Dès qu’elle atteint le point où l’huile et l’eau semblent prêtes à se séparer – généralement au bout d’un quart d’heure de malaxage – la pâte est ensuite envoyée dans le décanteur, qui se présente comme un long tube horizontal et n’est pas sans rappeler une torpille de sous-marin. Le tube en question est alors mis en rotation pour séparer l’huile, l’eau et les résidus solides sous l’effet combiné de la vitesse et de la gravité. Ici aussi, tout est une affaire de réglages : la vitesse de centrifugation est déterminée en fonction de la granulométrie de la pâte et de sa teneur en huile et en eau, tandis qu’il faut régler au millimètre près la profondeur de la buse qui permettra d’extraire l’huile contenue au centre du tube, sans attraper l’eau avec.

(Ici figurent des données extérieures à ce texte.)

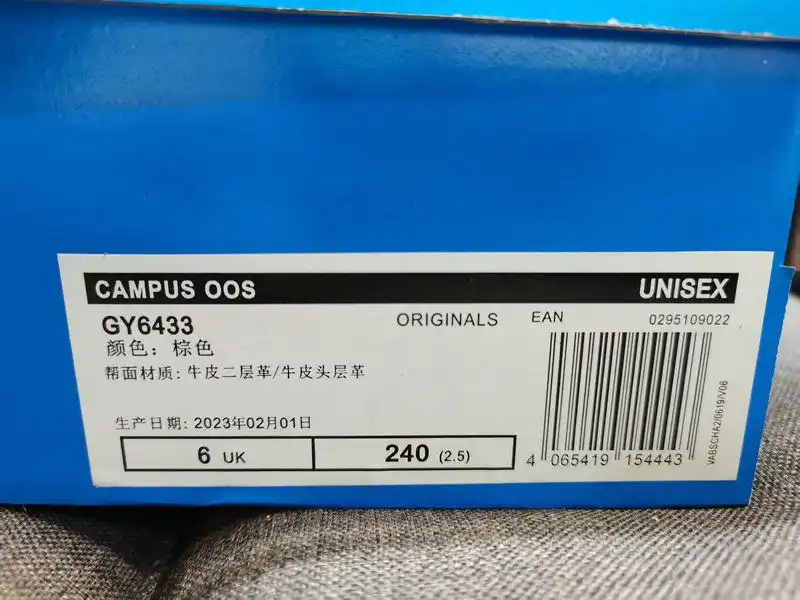 IMG_20241130_235106.webp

Tous ces réglages prennent évidemment beaucoup de temps. Bien que la capacité théorique du moulin soit d’une tonne d’olives par heure, Eduard parvient en réalité à en traiter tout juste 5 tonnes par jour en moyenne. « Et encore… je me souviens d’une journée de novembre où sont arrivées des olives de 9 producteurs différents, avec 9 variétés différentes ! On a dû faire à peine 2 ou 3 tonnes ce jour-là » se désole Eduard. Autant de raisons pour lesquelles il envisage, à compter de la prochaine récolte, de réduire le nombre de petits clients et d’augmenter ses tarifs pour ceux qui restent. Dans l’huile d’olive peut-être plus qu’ailleurs, la qualité et l’exigence ont un coût…
Le grand jeu des assemblages
Eduard, on l’a dit, est également oléiculteur. Propriétaire de 40 hectares et 6.000 oliviers dans la région de Calaceite et Horta, il s’est par ailleurs associé avec son principal client qui en possède le double. A eux deux, ils cultivent près de 20.000 arbres et 4 variétés différentes, dont la Picual, l’Arbequina, et l’Empeltre.

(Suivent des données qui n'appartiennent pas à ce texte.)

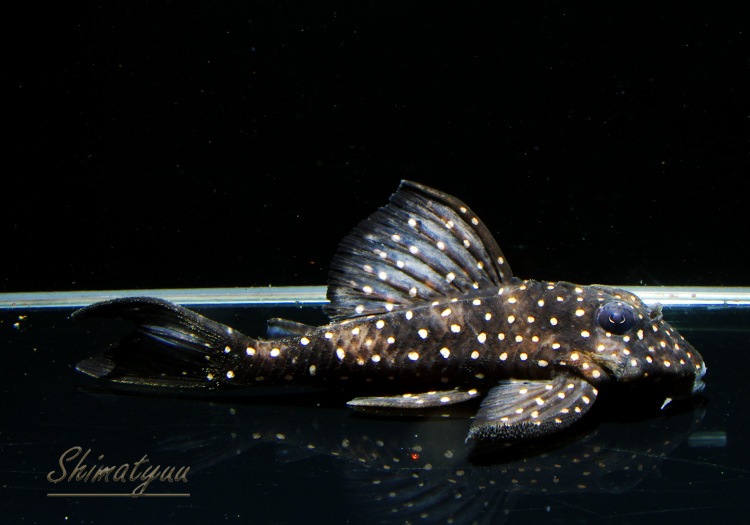 ����ʪ�����Ρ��١��롦�ڥ���ƥ�����WILD��No.02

On se rend mieux compte de ce que cela représente quand on pénètre dans la chambre froide où sont entreposées les gigantesques cuves abritant l’huile d’Eduard et de son associé. Ou plutôt les huiles, au pluriel. Car les olives de chaque parcelle et de chaque variété sont pressées séparément, sur une période de plusieurs semaines entre octobre et novembre, ce qui donne de très nombreux lots d’huiles aux propriétés gustatives différentes, classés par variété ainsi que par date de récolte, c’est-à-dire par degré de maturité de l’olive.

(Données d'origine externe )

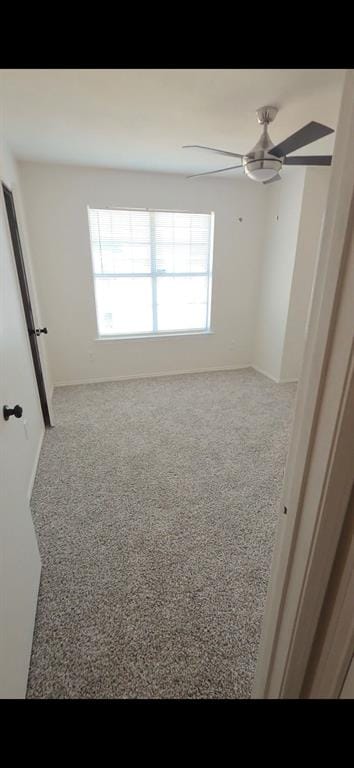 137 Graystone Place, Duncanville TX 75137 - Photo 12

« L’huile d’olive est un jus de fruit particulier, explique Eduard. Contrairement aux autres fruits, plus les jours passent et donc s’accroît la maturité de l’olive, moins la teneur en arômes est élevée dans le jus. Avec le développement des glucides, le spectre organoleptique rétrécit, là où il a tendance à augmenter pour les autres fruits« . Tous ces lots d’huile différents représentent ainsi autant d’ingrédients de base à partir desquels Eduard pratique lui-même ses assemblages. Et à la fin, il y en a pour tous les goûts : des huiles douces ou à l’inverse amères et ardentes ; des huiles au fruité intense ou alors peu développé ; des huiles monovariétales ou bien des blends (mélange de plusieurs variétés d’olives)…

Là encore, est-il besoin de le préciser, rien n’est laissé au hasard. Pour protéger l’huile de l’oxydation, les cuves sont non seulement hermétiquement scellées, mais renferment aussi de l’azote qui protège l’huile de tout contact avec l’oxygène. Résultat : pas une goutte au sol et aucune odeur d’huile rance dans l’air.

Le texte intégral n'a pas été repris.